• What this task involves: All entries below are to be returned exactly, with pictures left out.

• Records for the task:
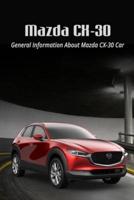 Mazda CX-30: General Information About Mazda CX-30 Car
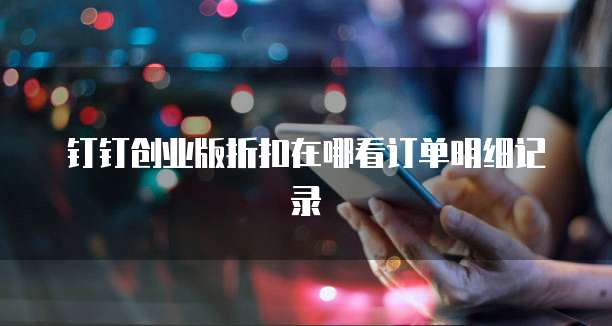 钉钉创业版折扣在哪看订单明细记录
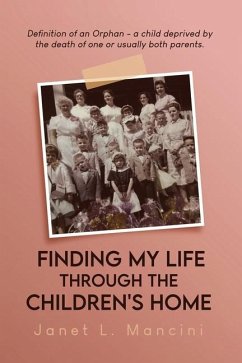 Finding My Life Through The Children's Home - Mancini, Janet Finding My Life Through The Children's Home - Mancini, Janet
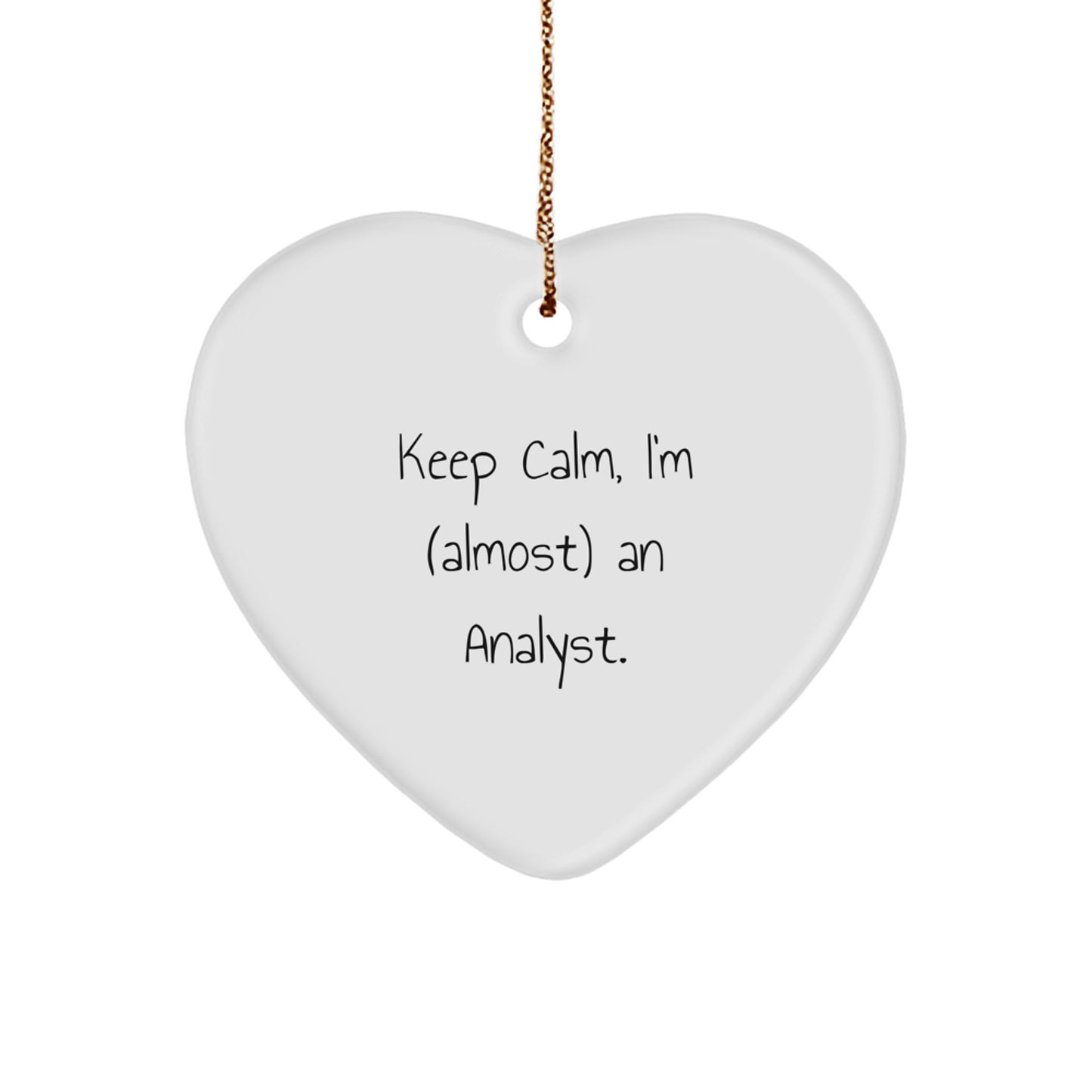 Funny Analyst Heart Ornament Gifts from Friends and Family for Christmas Unique Decorations Keep Calm almost An Analyst - Image 1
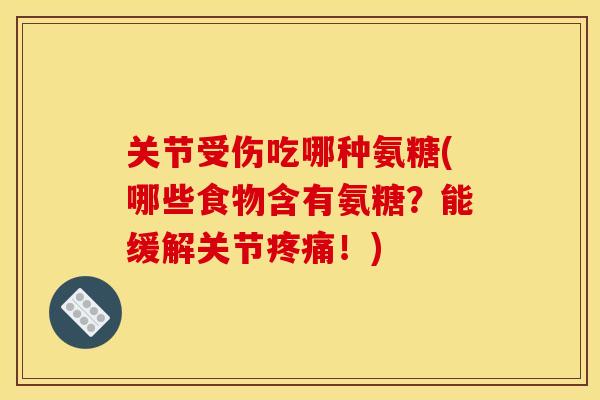 关节受伤吃哪种氨糖(哪些食物含有氨糖？能缓解关节疼痛！)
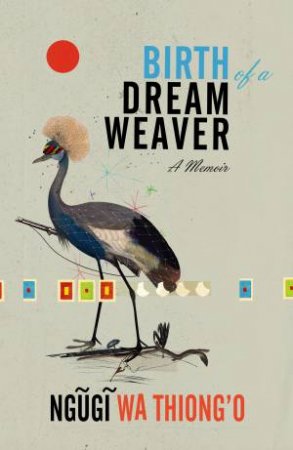 Birth of a Dream Weaver: A Writer's Awakening by Ngugi Wa Thiong'o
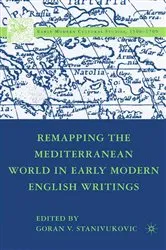 Book cover of Remapping the Mediterranean World in Early Modern English Writings by G. Stanivukovic
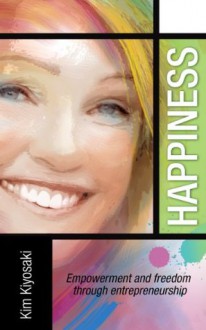 Happiness: Empowerment and Freedom through Entrepreneurship - Kim Kiyosaki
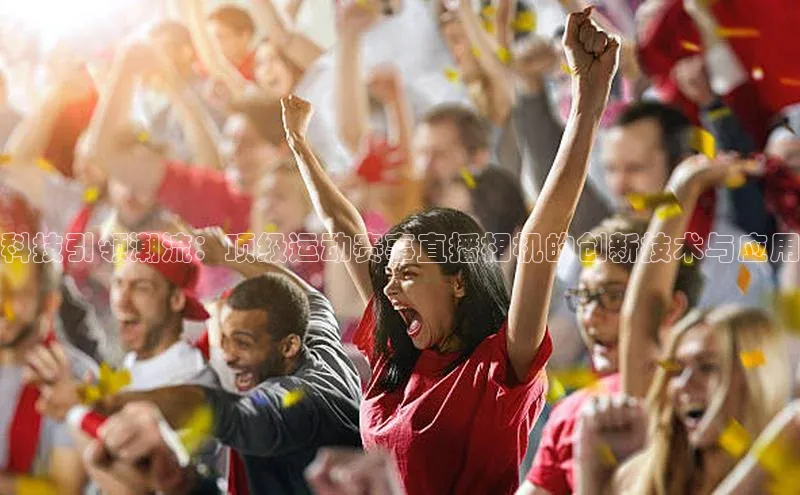 科技引领潮流：顶级运动赛事直播相机的创新技术与应用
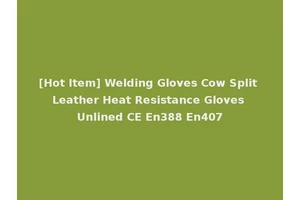 [Hot Item] Welding Gloves Cow Split Leather Heat Resistance Gloves Unlined CE En388 En407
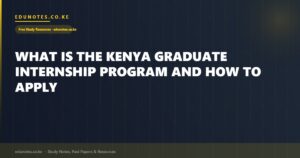 What Is the Kenya Graduate Internship Program and How to Apply
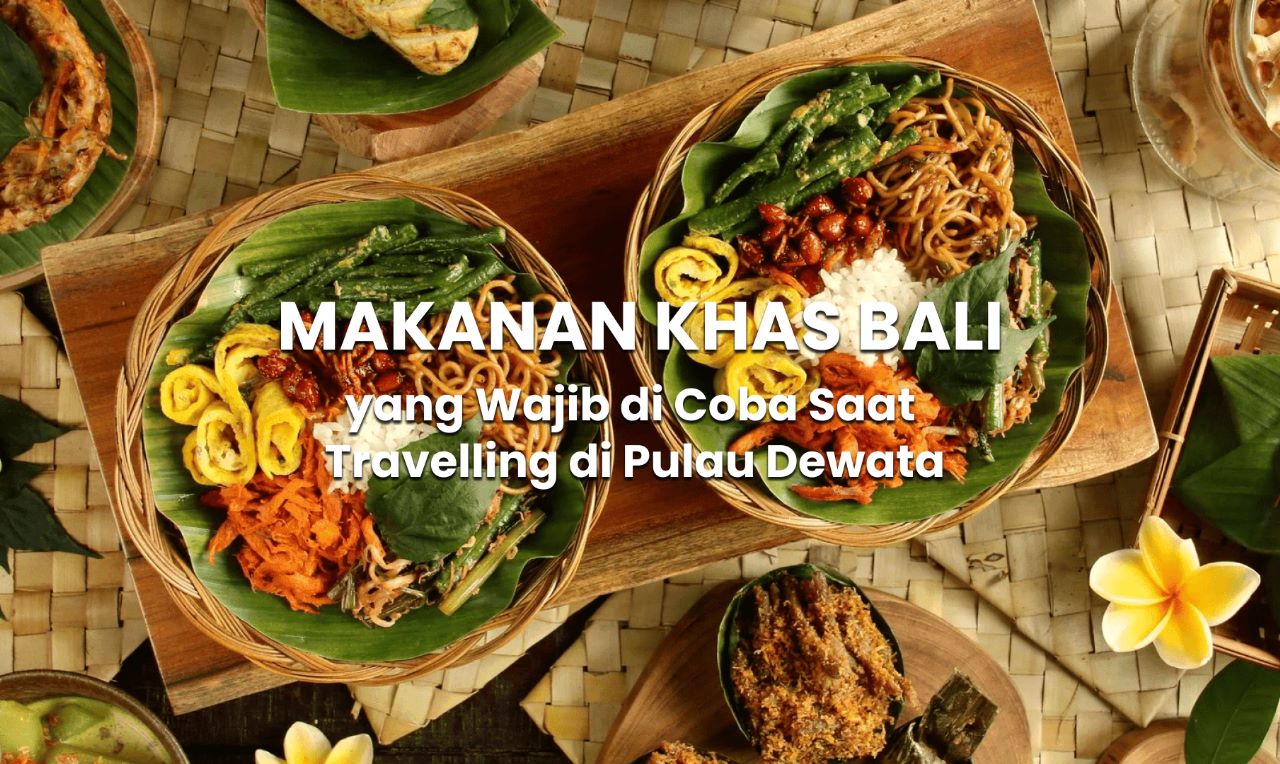 Makanan Khas Bali Yang Wajib Dicoba Saat Travelling Di Pulau Dewata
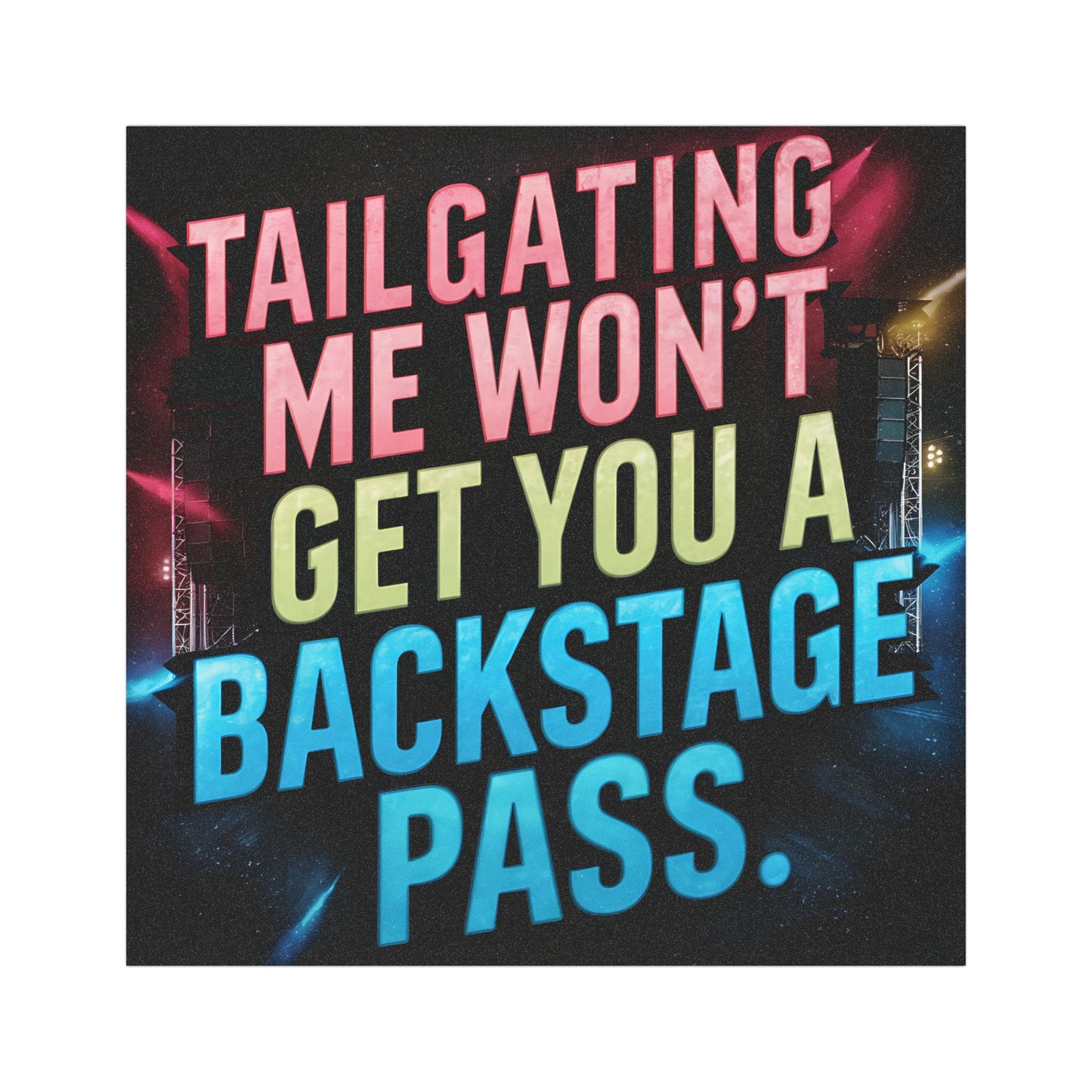 "Tailgating Me Won't Get You a Backstage Pass." Car Magnet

• Solution below:
 Mazda CX-30: General Information About Mazda CX-30 Car
 钉钉创业版折扣在哪看订单明细记录
 Finding My Life Through The Children's Home - Mancini, Janet Finding My Life Through The Children's Home - Mancini, Janet
 Funny Analyst Heart Ornament Gifts from Friends and Family for Christmas Unique Decorations Keep Calm almost An Analyst - Image 1
 关节受伤吃哪种氨糖(哪些食物含有氨糖？能缓解关节疼痛！)
 Birth of a Dream Weaver: A Writer's Awakening by Ngugi Wa Thiong'o
 Book cover of Remapping the Mediterranean World in Early Modern English Writings by G. Stanivukovic
 Happiness: Empowerment and Freedom through Entrepreneurship - Kim Kiyosaki
 科技引领潮流：顶级运动赛事直播相机的创新技术与应用
 [Hot Item] Welding Gloves Cow Split Leather Heat Resistance Gloves Unlined CE En388 En407
 What Is the Kenya Graduate Internship Program and How to Apply
 Makanan Khas Bali Yang Wajib Dicoba Saat Travelling Di Pulau Dewata
 "Tailgating Me Won't Get You a Backstage Pass." Car Magnet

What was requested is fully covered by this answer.